== Aim of the task ==
Retype the listing found below exactly, but leave out each picture.

^^^^

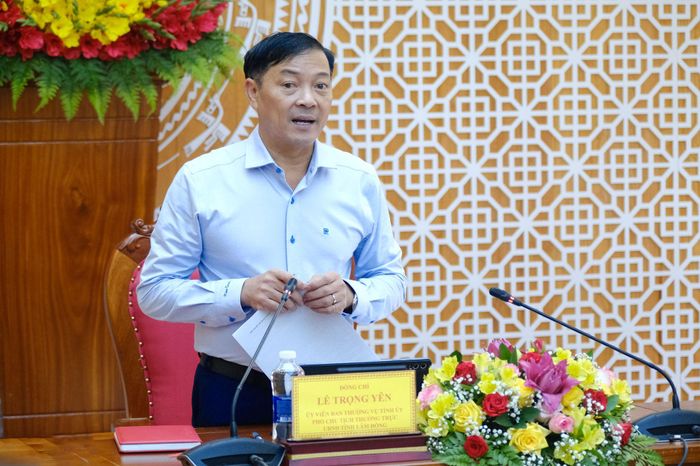 Đồng chí Lê Trọng Yên, Ủy viên Ban Thường vụ Tỉnh ủy, Phó Chủ tịch Thường trực UBND tỉnh phát biểu chỉ đạo tại buổi làm việc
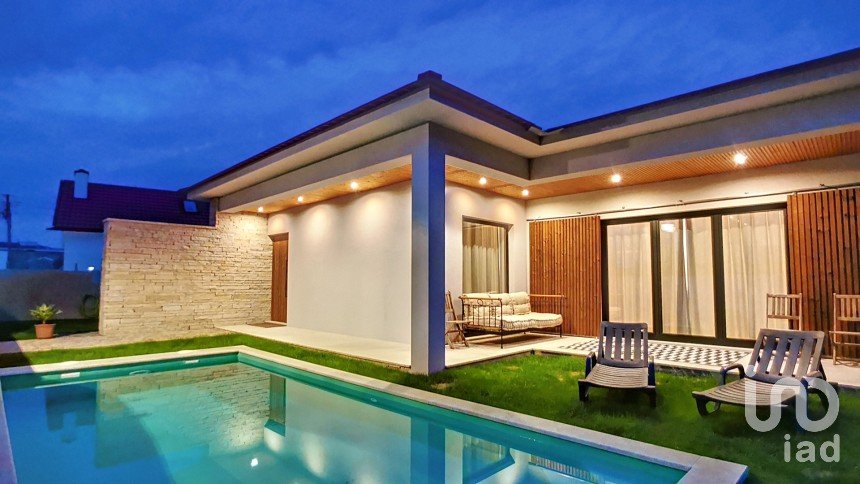 Casa / Villa T3 em Esmoriz de 222 m²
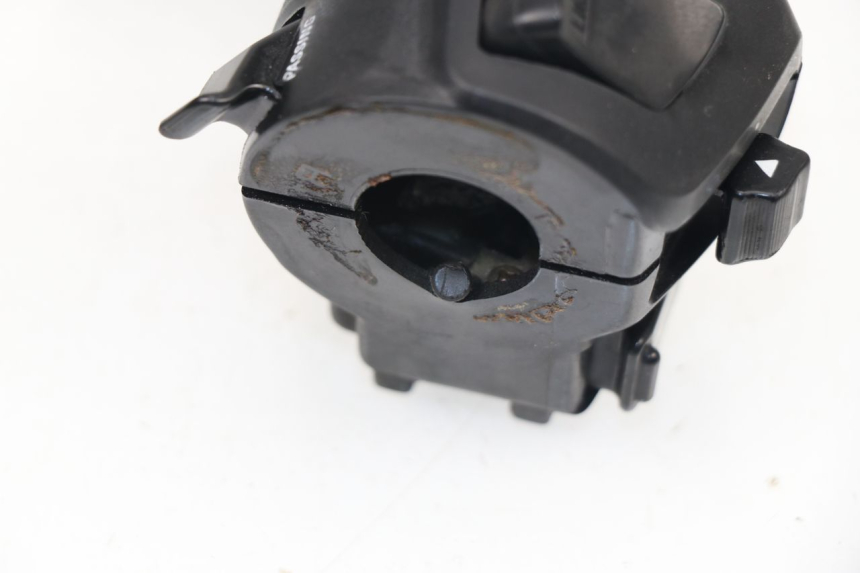photo de COMANDO ESQUERDO KYMCO XCITING 500 (2007 - 2010) - Zoom do estado de desgaste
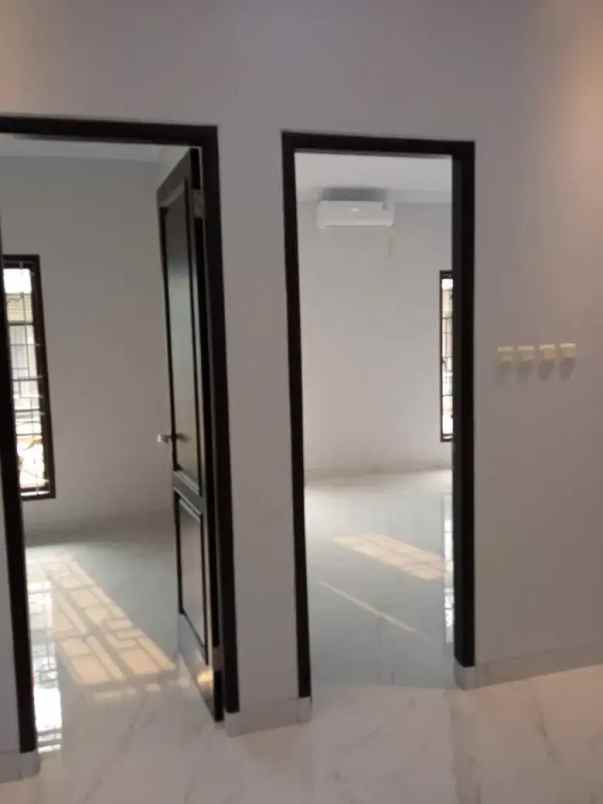 jual rumah cluster minimalis sejuk nyaman di kebagusan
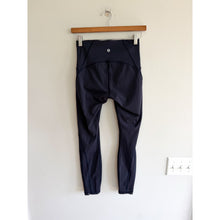 Load image into Gallery viewer, Lululemon Train Times 7/8 25" Legging Pant Melanite Grey 4
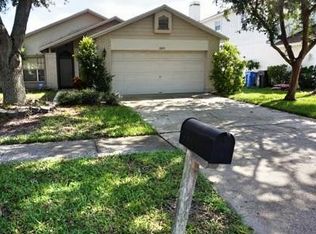 11673 Fox Creek Dr, Tampa, FL 33635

^^^^

== Task result ==
 Đồng chí Lê Trọng Yên, Ủy viên Ban Thường vụ Tỉnh ủy, Phó Chủ tịch Thường trực UBND tỉnh phát biểu chỉ đạo tại buổi làm việc
 Casa / Villa T3 em Esmoriz de 222 m²
photo de COMANDO ESQUERDO KYMCO XCITING 500 (2007 - 2010) - Zoom do estado de desgaste
 jual rumah cluster minimalis sejuk nyaman di kebagusan
 Load image into Gallery viewer, Lululemon Train Times 7/8 25" Legging Pant Melanite Grey 4
 11673 Fox Creek Dr, Tampa, FL 33635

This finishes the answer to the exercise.